Content starts
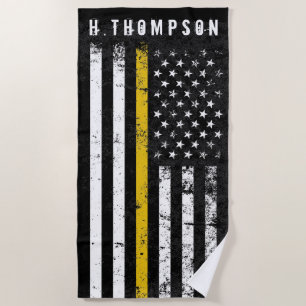Polizeientführer  Thin Gold Line Flag Custom Strandtuch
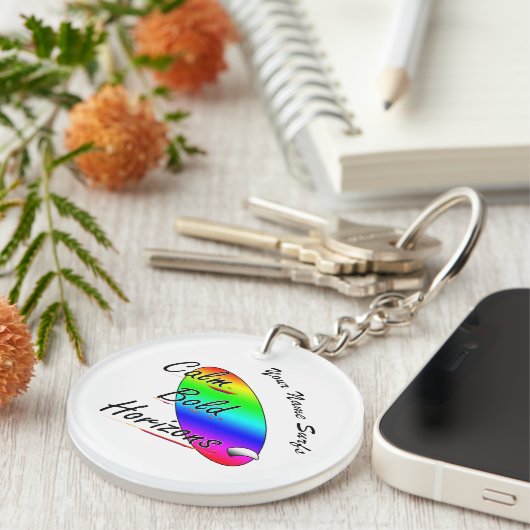 Kalm gedurfde horizonten surfen sleutelhanger (Voorkant Rechts)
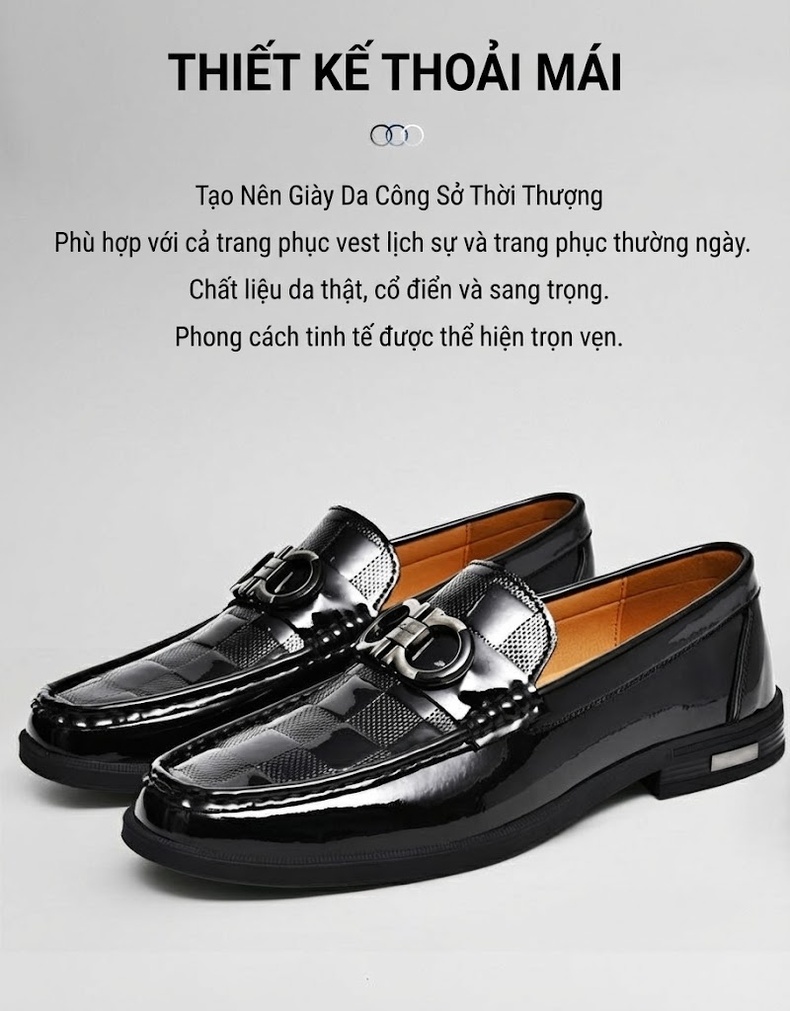 Giày Lười Nam Da Bò Bóng Chiều Cao Đế Khoảng 3cm Màu Đen chi tiết 2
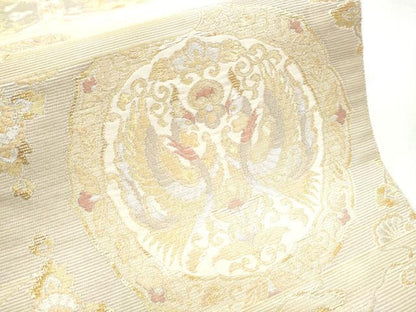 平和屋着物●六通柄袋帯 霞取唐花龍目文 金糸 正絹 逸品 CABC5572hy
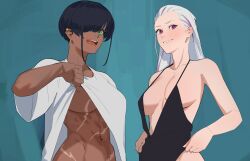 Rule 34 | :d, albino, breasts, clothes lift, collarbone, colored skin, dark-skinned female, dark skin, dress, dress lift, earrings, green eyes, halterneck, highres, hong doo, jewelry, large breasts, muscular, muscular female, navel piercing, no bra, open mouth, original, pale skin, piercing, red eyes, shirt, shirt lift, short hair, smile, tongue piercing, underboob, white shirt, white skin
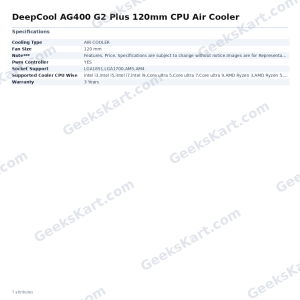 DeepCool AG400 G2 Plus 120mm CPU Air Cooler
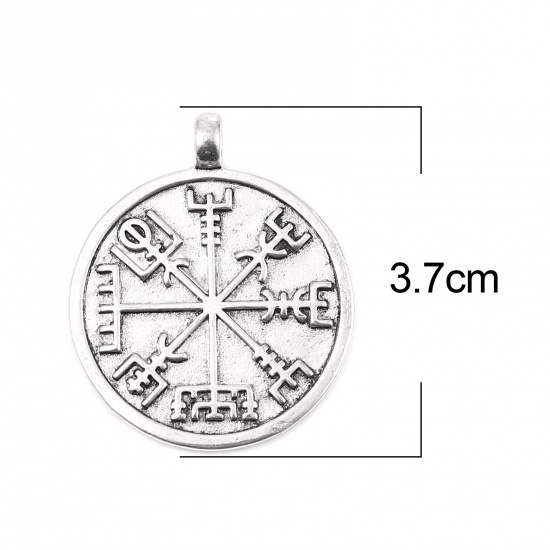 Picture of Brass Pendants Round Antique Silver Color Travel Compass 37mm(1 4/8") x 30mm(1 1/8"), 1 Piece                                                                                                                                                                 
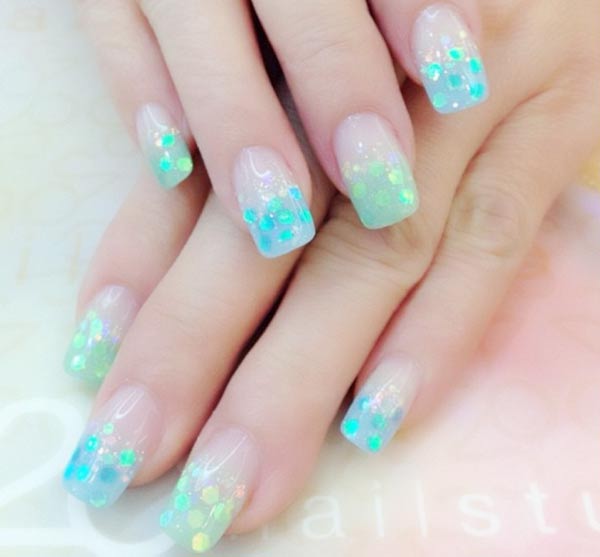 turquoise glitter french gradient nails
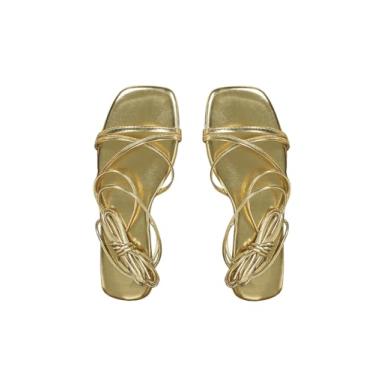 Imagem de OYOANGLE Sandálias femininas metálicas com tiras e tiras quadradas de verão, bico aberto, sapatos de amarrar, Dourado, 39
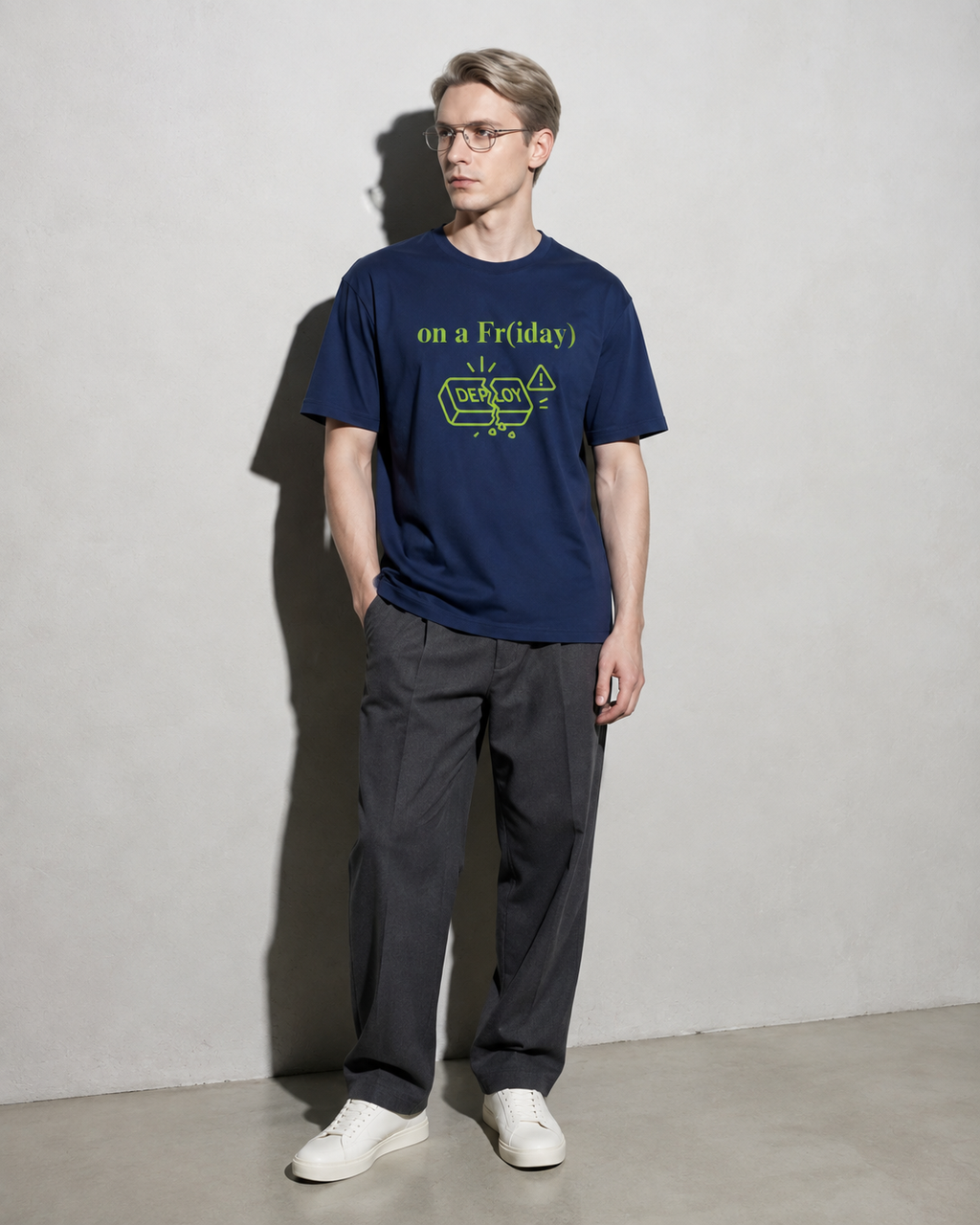 Breaking Prod on a friday Premium Shirt — True Navy Model Full Body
Content ends
• Task item
The answer must be the lines above from the line that contains "Imagem de OYOANGLE" to the final line of the data, word for word, with no pictures.

• Answer for the task
 Imagem de OYOANGLE Sandálias femininas metálicas com tiras e tiras quadradas de verão, bico aberto, sapatos de amarrar, Dourado, 39
 Breaking Prod on a friday Premium Shirt — True Navy Model Full Body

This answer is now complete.